The latest tale of woe was told by Star-Advertiser writer Rob Perez, who recorded the stories of nearly 80 Hawaiian homesteaders. Their elation after getting their home — and off the waiting list, after many years — evaporated when serious construction problems started coming to light.
This can be the sad experience of homeownership, certainly not limited to beneficiaries of a special program. But unlike conventional home purchases, this time the new owners did not choose the builder. DHHL did, but did not pay for a building inspector hired to look out expressly for beneficiaries’ interest.

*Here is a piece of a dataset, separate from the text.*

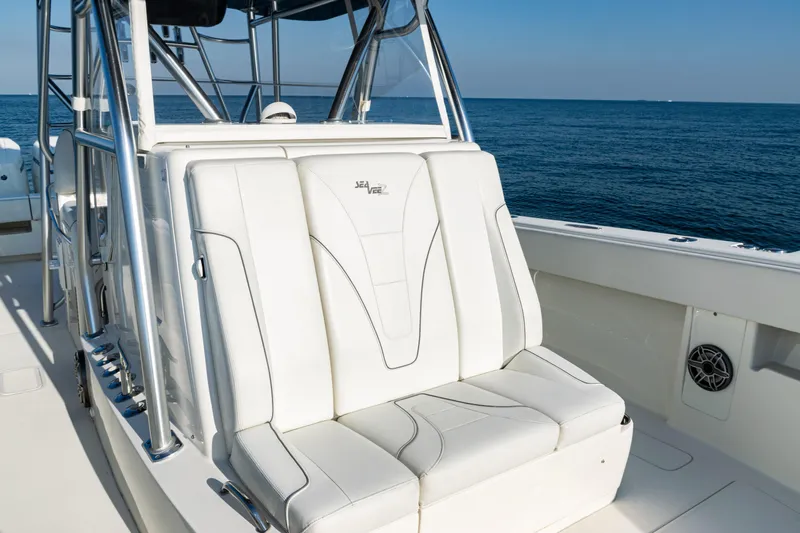  Yacht Photos Pics 2020 SeaVee 390Z boat with white seating, ocean backdrop, and sleek design.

DHHL has countered that it met its legal obligation, which is to deliver a buildable lot. But as a matter of policy, it can and should do more. If the agency contracts out the construction service, it does so with the expectation that most beneficiaries need that service.
Part of that contract is the right of inspection, and DHHL should exercise that right, providing some oversight of the transfer of ownership and responsibility to the homeowner.
As for the $600 million legislation, it’s clear that DHHL needs oversight as well. Both bills require an accounting report to the Legislature, but SB 3359 spells things out more explicitly, which is the preferable approach.
It would allocate $488 million for the production of 2,910 lots in specified projects. The remaining $112 million would offer up to $100,000 for a beneficiary willing to relinquish his or her claim for a lease.
This is the outline of a framework to make real gains in Hawaii’s affordable-housing mission. However, whether at the end it’s $600 million or something less, that’s too much in public funds to commit, to even an important mission, without accountability.